Sonic Resistance I: Counterlistening, or Listening against Empire (and Phonographic Dogs)
Although the technological innovations that were part of the Italo-Turkish Wars were generally developed and held by the Italians, the Arab/Ottoman/Amazigh coalition drew on their own cultural techniques of resistance. Much as the Italians leveraged sound and its mediations for military and political purposes, so too the Arabs and their allies employed sonic techniques that bolstered their capacity for resistance. The remainder of this article focuses on three such techniques: ‘counterlistening’, ululation, and jihad. As mentioned earlier, I draw here particularly on the eye- and earwitness accounts of al-Ṭāhir Aḥmad al-Zāwī, a Libyan historian and religious scholar, and of journalists such as Alan Ostler and George Frederick Abbott who were embedded with the resistance forces.

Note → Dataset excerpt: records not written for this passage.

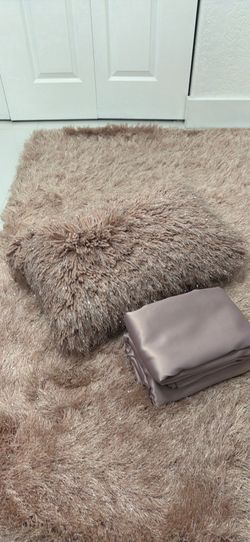 Carpet, pillow and curtain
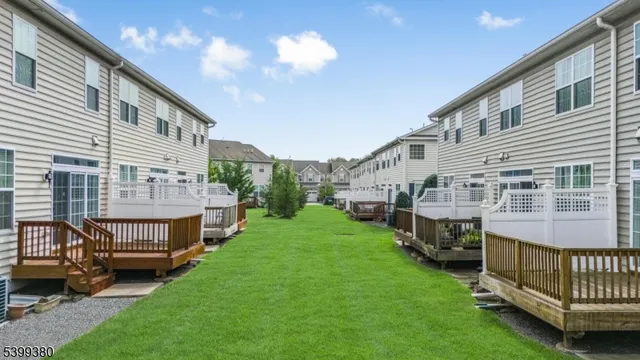a view of house with a deck yard
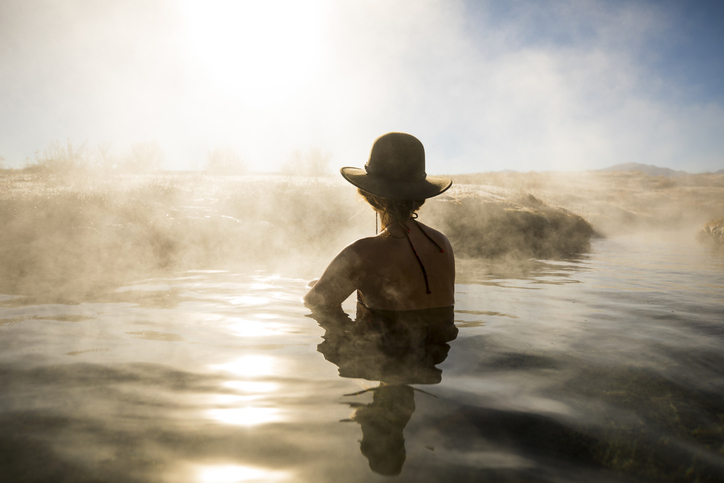 A woman soaking in a natural hot spring.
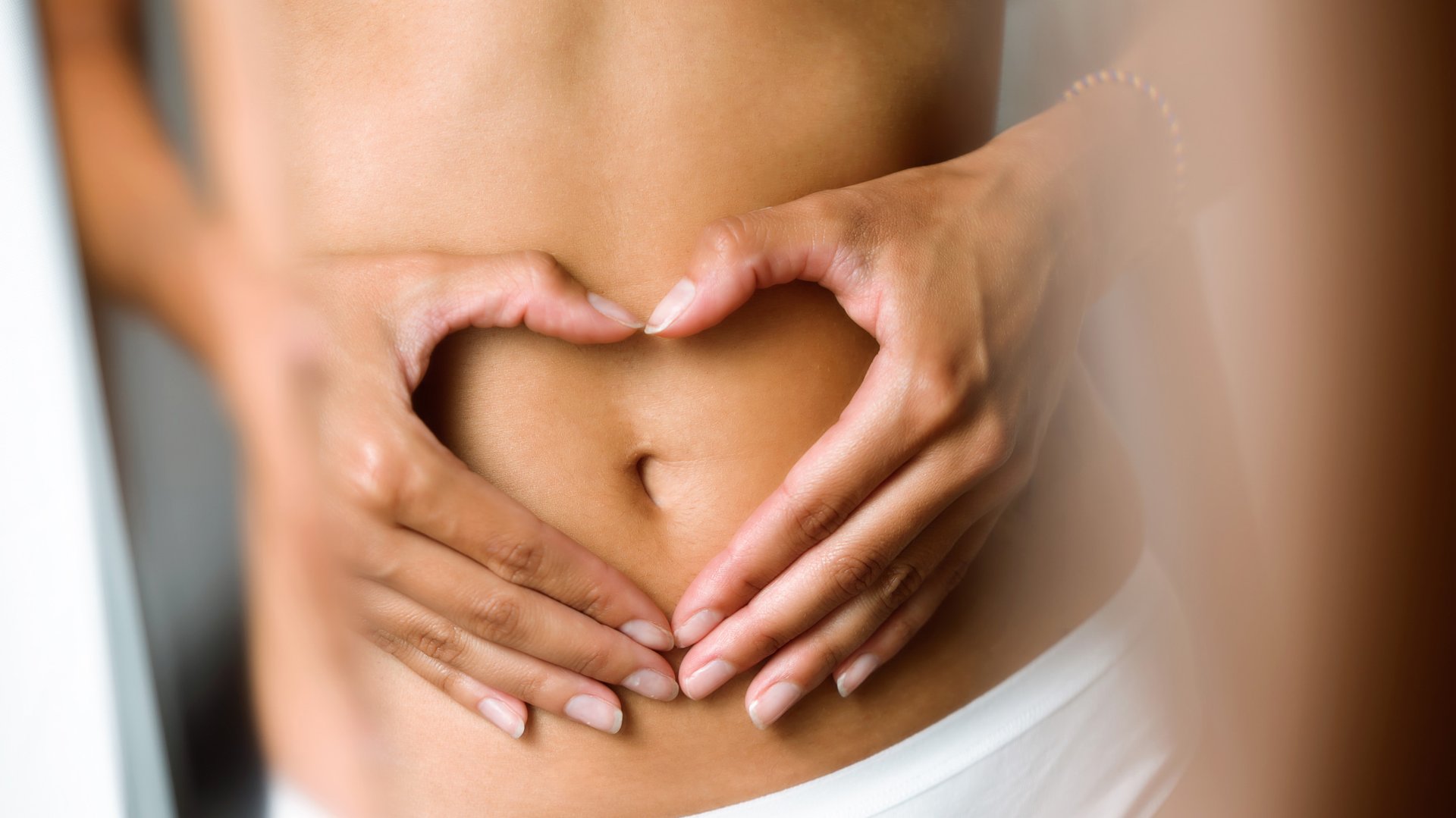 Kobieta z płaskim brzuchem trzyma rece zlozone w serce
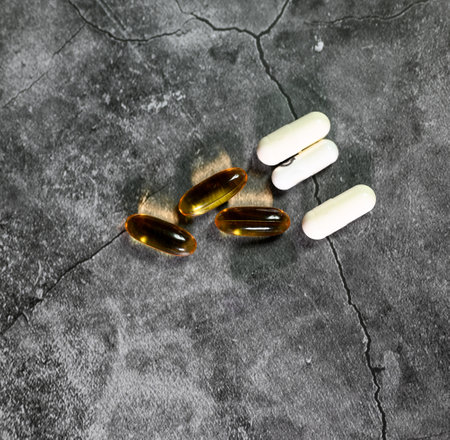 amino acids, omega 3 taurine for health on a gray backgroundの写真素材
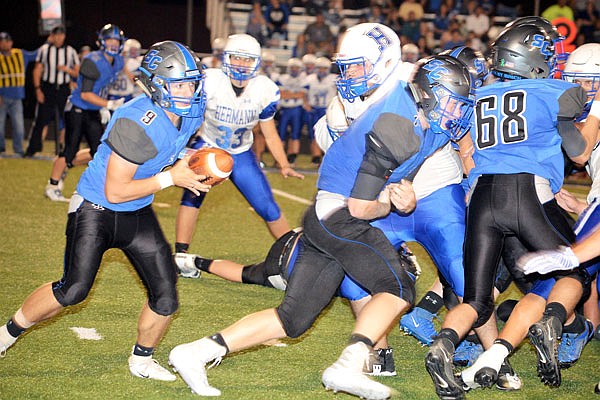 South Callaway quarterback Cole Shoemaker looks for an opening to run through at the line of scrimmage during the Bulldogs' 40-27 loss to Hermann last Friday in Mokane. South Callaway opens Eastern Missouri Conference play tonight at Montgomery County.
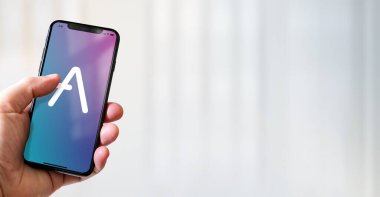 Paris - Fransa - 15 Mart 2022: AVE kripto para birimi logosuna sahip iPhone akıllı telefonu. Yatay Pankart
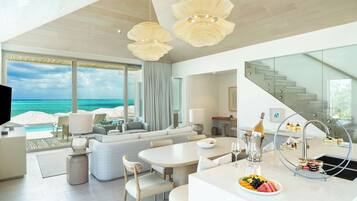 Un hotel moderno con una habitación amplia y ventana con vista al océano, una zona de comedor y una escalera.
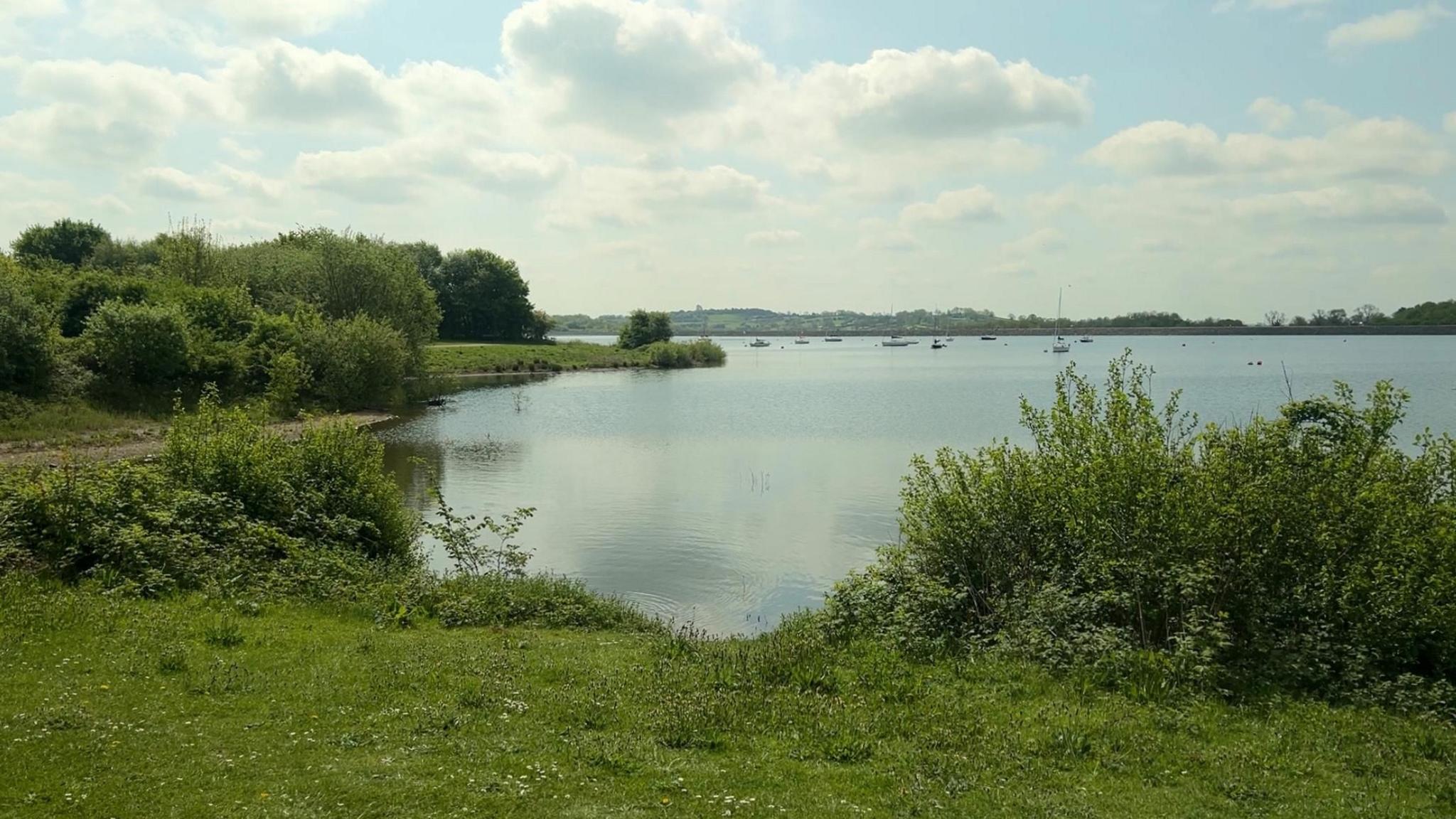 Carsington Water reservoir, which is owned by Severn Trent. The reservoir is a wide expanse of water with some boats visible in the far distance. The banks of the reservoir, with green grass and bushes, can be seen closer to the camera.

I begin with the technique of listening against empire, or what Gascia Ouzounian has called ‘counterlistening’. She writes: ‘Counterlistening is listening against: against unequal systems of power and uneven modes of exchange; against official and hegemonic narratives of events, histories, places, territories, groups, communities’. She continues, ‘Counterlistening is listening against empire – against those who maintain it and “for” those who are subjected to its spectacular violence’.Footnote 64 Such acts of ‘listening against empire’ can be found abundantly among the resistance forces to the Italian occupation, often in direct response to the Italians’ own sonic techniques, as illustrated vividly in al-Zāwī’s account of the resistance.
Al-Ṭāhir al-Zāwī was born in 1890 in a village, al-Ḥarsha, outside the town of Zawiya, and he received training in various fields of Islamic knowledge, including the recitation and memorization of the Qur’an at a young age, before joining the anticolonial resistance forces in 1911.Footnote 65 He later studied at Al-Azhar in Cairo, spending decades moving between Libya and Egypt, often as a political exile. Drawing on his own experiences in the war as well as accounts from other participants (including leaders of the resistance), al-Zāwī wrote a history of the anticolonial resistance in Tripoli, Jihād al-Abṭāl fī Ṭarābulus al-Gharb (‘The Jihad of the Heroes in Tripoli’). The book was first published in 1944 in a very limited run, but was subsequently banned by the new government of King Idris in 1951, which was – in al-Zāwī’s view – putting forward revisionist histories in schools and ‘distorting the truth’ by diminishing the ‘national jihad’ (al-jihād al-waṭanī).Footnote 66 He then published a second edition in 1970 after the 1969 revolution led by Muammar Qaddafi.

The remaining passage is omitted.